What they didn’t know was how tough it would be for teenage boys from the Asian country also known as Myanmar to adjust to life in the public schools. There, the normal identity and social challenges faced by teenage boys were exacerbated by differences in language and education.
“They also experienced a lot of bullying, and a lot of hard things in the neighborhoods they were in,” Ellard said.
While the girls were adjusting, some of the boys were acting out by skipping class, getting into fights, isolating, dropping out or facing expulsion. When all of that finally became clear in 2010 and 2011, Clark said, “it was time to do something.”
‘A cool God thing’
What they did was launch Hope Academy, a school for troubled high-school-age refugee boys from Burma, in the fall of 2011. They credit God for the project because as soon as the need was articulated, all the pieces fell into place.
The first was that their congregation, Crescent Hill Baptist Church in Louisville, offered classroom, kitchen and other space needed for the project.
Shortly after that, a Sunday school class collected $300, which became the school’s first operating budget. Then the local Karen (pronounced ka-rin) community donated 400 pounds of rice and other food to provide meals for the students, who are of that Burmese ethnic group.
Volunteers came forward to join Ellard to provide what essentially is a home-school education for the initial class of eight students.
But they went beyond history and math and science to try to give the students an American high school experience. The year ended with a prom and a graduation ceremony for four seniors that had the students beaming, Ellard said.
Some of them are attending junior college this fall.
“It’s such a cool God thing,” she said.
Unique approach
It also appears to be a pretty original thing, said Molly Marshall, president of Central Baptist Theological Seminary, a school with a long-standing relationship with Baptists in Burma.
About 17,000 refugees from Burma have been resettled in the United States through 2012, according to the U.S. State Department. They have located in clusters around the nation, including more than 3,000 in Kentucky.
Due to missionary activity dating back to the 1800s, many of them are Baptists, Marshall said, which is why they often gravitate to churches like Crescent Hill upon reaching the United States.
Hope Academy would likely be very much needed in other refugee centers around the country, she added.
“I don’t know of anyone else who has tried this approach, but it’s well taken given the language difficulties and post-traumatic stuff these kids are dealing with,” Marshall said.
‘You have to be ready’
Lending space for the school was a no-brainer for Crescent Hill because it has had a long-term interest in overseas mission work with refugees from Burma.
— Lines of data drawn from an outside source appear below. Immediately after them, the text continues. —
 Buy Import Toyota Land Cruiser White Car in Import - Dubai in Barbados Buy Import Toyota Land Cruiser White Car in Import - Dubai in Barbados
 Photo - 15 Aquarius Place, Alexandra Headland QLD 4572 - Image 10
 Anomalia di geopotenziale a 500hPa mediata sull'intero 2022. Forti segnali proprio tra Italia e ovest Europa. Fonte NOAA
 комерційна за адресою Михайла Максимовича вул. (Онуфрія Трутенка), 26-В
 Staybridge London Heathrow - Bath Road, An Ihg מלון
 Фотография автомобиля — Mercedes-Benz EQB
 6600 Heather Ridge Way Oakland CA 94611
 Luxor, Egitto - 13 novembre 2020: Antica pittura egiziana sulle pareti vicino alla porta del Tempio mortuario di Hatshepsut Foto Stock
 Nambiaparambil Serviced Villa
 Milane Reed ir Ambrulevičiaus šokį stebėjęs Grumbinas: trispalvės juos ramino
About two-thirds of its congregation is comprised of Karen, said Senior Pastor Jason Crosby.
For Crescent Hill, working with the Karen and other ethnic groups from Burma is a missional focus.
“What this church had done before these folks arrived, it told itself over and over again we would respond when God called us,” Crosby said. “When you open yourself up to doing what God asks of you, guess what – God asks you and you have to be ready.”
So the church was also ready when it’s two missionary members started noticing problems with some of the Karen boys, Crosby said.
“Steve and Annette were having success with some of the community’s initial problems – finding jobs, finding places to live, getting around town,” Crosby said. “Be we were beginning to see that some of the kids were running into behavioral issues at school.”
Or as Clark put it: “The guys were just getting mad and skipping class.”
‘Good for me, spiritually’
One of the ways Hope Academy begins to orient the boys to American culture is through Scripture, Ellard said.
Students participate in daily devotions using parallel English and Karen language Bibles. English begins to improve and the boys’ faith is utilized to help them begin to build confidence.
“They come to America for peace, but a lot of times they don’t find peace,” Ellard said. “What we really have to do is keep encouraging their faith.”
But interestingly, Ellard said it is her faith that is usually encouraged.
“The most significant thing we do is pray together every day,” she said. “I think it’s good for them, spiritually, but it’s certainly good for me, spiritually.”